◆ WHAT IS REQUIRED ◆
Transcribe the data below verbatim from the line with "Makita TCT Drill" to the line with "Doreme Full Sleeves". Include both of those lines.

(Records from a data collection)
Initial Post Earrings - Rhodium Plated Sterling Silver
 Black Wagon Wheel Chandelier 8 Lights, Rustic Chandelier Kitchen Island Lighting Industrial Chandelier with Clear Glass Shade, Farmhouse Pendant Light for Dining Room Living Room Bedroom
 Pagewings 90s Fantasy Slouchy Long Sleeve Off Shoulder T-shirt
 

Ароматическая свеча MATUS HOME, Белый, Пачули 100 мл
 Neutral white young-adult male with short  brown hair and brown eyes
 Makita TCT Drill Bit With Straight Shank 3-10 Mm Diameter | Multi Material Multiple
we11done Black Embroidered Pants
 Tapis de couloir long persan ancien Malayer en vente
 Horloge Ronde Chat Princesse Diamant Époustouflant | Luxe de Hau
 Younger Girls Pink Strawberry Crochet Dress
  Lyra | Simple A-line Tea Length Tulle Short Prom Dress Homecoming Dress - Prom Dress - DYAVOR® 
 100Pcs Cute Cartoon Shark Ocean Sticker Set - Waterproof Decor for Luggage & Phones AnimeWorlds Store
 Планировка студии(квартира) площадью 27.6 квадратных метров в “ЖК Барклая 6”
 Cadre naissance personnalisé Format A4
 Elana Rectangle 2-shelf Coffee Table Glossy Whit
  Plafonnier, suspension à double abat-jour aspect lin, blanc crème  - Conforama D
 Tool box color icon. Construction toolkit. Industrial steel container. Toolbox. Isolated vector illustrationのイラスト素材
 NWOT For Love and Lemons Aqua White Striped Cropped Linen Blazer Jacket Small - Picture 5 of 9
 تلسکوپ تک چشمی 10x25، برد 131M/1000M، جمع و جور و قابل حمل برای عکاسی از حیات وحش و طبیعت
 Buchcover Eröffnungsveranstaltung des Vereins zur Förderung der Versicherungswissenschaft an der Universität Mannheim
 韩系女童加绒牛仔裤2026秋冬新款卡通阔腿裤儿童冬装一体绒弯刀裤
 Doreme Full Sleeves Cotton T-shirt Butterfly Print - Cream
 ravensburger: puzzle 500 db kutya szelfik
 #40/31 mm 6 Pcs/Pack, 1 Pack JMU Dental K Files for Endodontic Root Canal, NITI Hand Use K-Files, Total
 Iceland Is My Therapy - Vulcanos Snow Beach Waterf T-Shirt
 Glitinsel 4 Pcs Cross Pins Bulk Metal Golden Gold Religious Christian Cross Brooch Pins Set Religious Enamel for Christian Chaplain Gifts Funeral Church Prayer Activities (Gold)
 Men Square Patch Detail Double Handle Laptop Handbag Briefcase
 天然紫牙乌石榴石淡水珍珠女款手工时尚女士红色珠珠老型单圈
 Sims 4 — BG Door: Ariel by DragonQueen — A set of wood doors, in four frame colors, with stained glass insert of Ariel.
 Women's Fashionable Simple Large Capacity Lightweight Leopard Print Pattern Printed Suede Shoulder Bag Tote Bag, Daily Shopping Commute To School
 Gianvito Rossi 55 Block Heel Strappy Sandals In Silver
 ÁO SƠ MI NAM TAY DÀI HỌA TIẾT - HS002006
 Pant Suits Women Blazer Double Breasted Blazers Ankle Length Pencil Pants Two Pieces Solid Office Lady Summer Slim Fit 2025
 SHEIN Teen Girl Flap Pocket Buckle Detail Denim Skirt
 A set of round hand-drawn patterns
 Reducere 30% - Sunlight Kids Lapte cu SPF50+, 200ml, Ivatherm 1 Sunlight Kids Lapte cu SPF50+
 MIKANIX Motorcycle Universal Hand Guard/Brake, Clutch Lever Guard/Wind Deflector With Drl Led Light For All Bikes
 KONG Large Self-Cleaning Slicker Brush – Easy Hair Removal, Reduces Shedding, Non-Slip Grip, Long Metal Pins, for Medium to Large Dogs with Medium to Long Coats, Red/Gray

◆ EXERCISE RESULT ◆
 Makita TCT Drill Bit With Straight Shank 3-10 Mm Diameter | Multi Material Multiple
we11done Black Embroidered Pants
 Tapis de couloir long persan ancien Malayer en vente
 Horloge Ronde Chat Princesse Diamant Époustouflant | Luxe de Hau
 Younger Girls Pink Strawberry Crochet Dress
  Lyra | Simple A-line Tea Length Tulle Short Prom Dress Homecoming Dress - Prom Dress - DYAVOR® 
 100Pcs Cute Cartoon Shark Ocean Sticker Set - Waterproof Decor for Luggage & Phones AnimeWorlds Store
 Планировка студии(квартира) площадью 27.6 квадратных метров в “ЖК Барклая 6”
 Cadre naissance personnalisé Format A4
 Elana Rectangle 2-shelf Coffee Table Glossy Whit
  Plafonnier, suspension à double abat-jour aspect lin, blanc crème  - Conforama D
 Tool box color icon. Construction toolkit. Industrial steel container. Toolbox. Isolated vector illustrationのイラスト素材
 NWOT For Love and Lemons Aqua White Striped Cropped Linen Blazer Jacket Small - Picture 5 of 9
 تلسکوپ تک چشمی 10x25، برد 131M/1000M، جمع و جور و قابل حمل برای عکاسی از حیات وحش و طبیعت
 Buchcover Eröffnungsveranstaltung des Vereins zur Förderung der Versicherungswissenschaft an der Universität Mannheim
 韩系女童加绒牛仔裤2026秋冬新款卡通阔腿裤儿童冬装一体绒弯刀裤
 Doreme Full Sleeves Cotton T-shirt Butterfly Print - Cream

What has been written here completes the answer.